D&G gained a fair bit of attention back in January with their collection of abayahs aimed at Muslim women; opinions were divided on not just how D&G perceive Muslim women, but also on the style of the clothing itself. For the contemporary Muslim woman, wearing a designer abayah with a generally black undertone to it doesn’t appeal very much, especially if we take our busy lifestyles into account where women are doing the school run and working as well as shopping and socialising.
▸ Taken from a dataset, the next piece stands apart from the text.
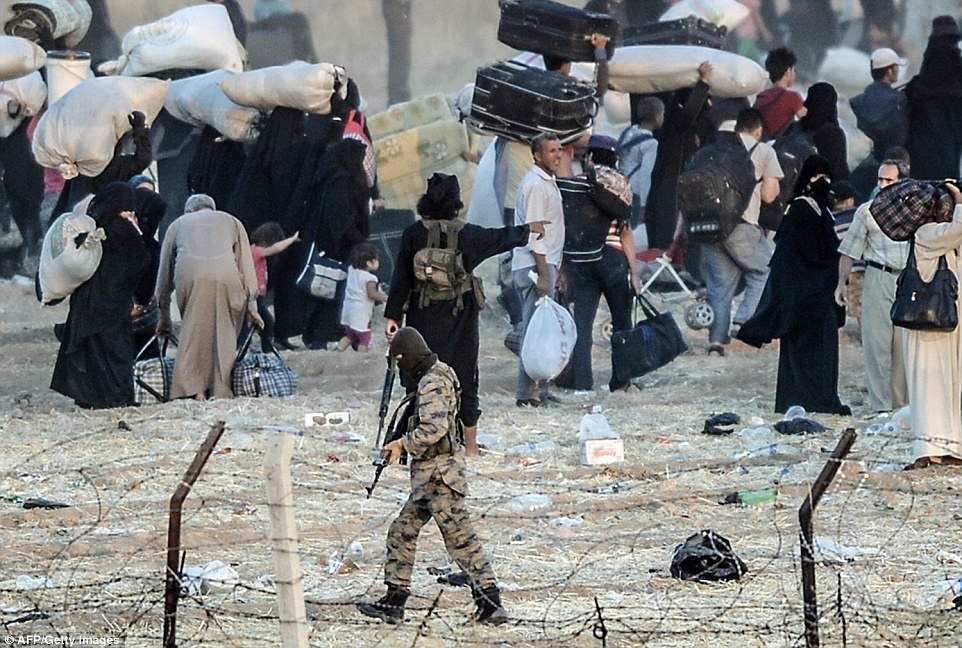 IS đang kiểm soát khoảng một phần ba lãnh thổ Iraq và Syria, bao gồm thành phố Mosul lớn thứ 2 ở Iraq. Tại những vùng mà IS chiếm đóng, phiến quân áp dụng Luật Hồi giáo Sharia hà khắc cùng nhiều hình phạt tàn bạo để cai trị người dân.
This is why Mango’s ‘modestwear’ collection is so refreshing. The popular high street shop has created a range of loose jackets, flowing dresses and oversized sweaters as well as long-sleeved tunics and shirts to allow Muslim women to dress modestly and yet be able to express their personal taste through their choice of clothing. The unfortunate news is, however, that this selection of clothes is aimed at the Arab market for the month of Ramadan and will be stocked in Mango’s 109 stores across the Middle East.
In retrospect, this range of clothing needn’t be available only in that region. Many women across the world, both Muslim and non-Muslim, choose these styles as part of personal choice; in short, these clothes are in vogue in the mainstream. It then seems rather preposterous that such a range be aimed solely at Muslim women, in particular for those living in the Middle East. The same range could be stocked in Western countries and we would still see Muslim women choosing to wear from Mango’s collection.
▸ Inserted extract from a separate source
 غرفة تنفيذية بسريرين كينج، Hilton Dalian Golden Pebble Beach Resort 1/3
The question then arises as to whether a ‘Muslim-only’ clothing collection is even necessary. For the regular shoppers at Mango and similar other stores, modestwear is widely available and worn throughout the year. The insistence on having clothing labelled as suitable for Muslim women seems rather ludicrous when it’s already available and in fashion. Furthermore, in a BBC Woman’s Hour interview with the co-founder of modestwear fashion-tech website, Amaliah, Jane Garvey stated that most of their collations of mainstream modest clothing are styles that she would willingly choose to wear.
Indeed, there are many Muslim women who wouldn’t classify such ranges as suitable or within the remit of Islam, and such opinions are to be respected. But for the vast majority of Muslim women who are looking for a middle ground within the mainstream stores, the current trend of maxi dresses and loose cardigans are very ideal as well as widely available to them without the need for a tag that says ‘suitable for Muslim women’. The bottom line is that Muslim women are perfectly capable of choosing what they should wear within the boundaries set out by their religion. To have a certain range aimed at us feels rather insulting as well as belittling our ability to choose appropriate clothing. Moreover, if such collections are additionally appealing to the tastes of non-Muslim women and appear in mainstream shops, it might be worth rethinking as to whether an assortment of clothing aimed purely at Muslim women is even necessary. Maybe they should just call them ‘clothes’ instead.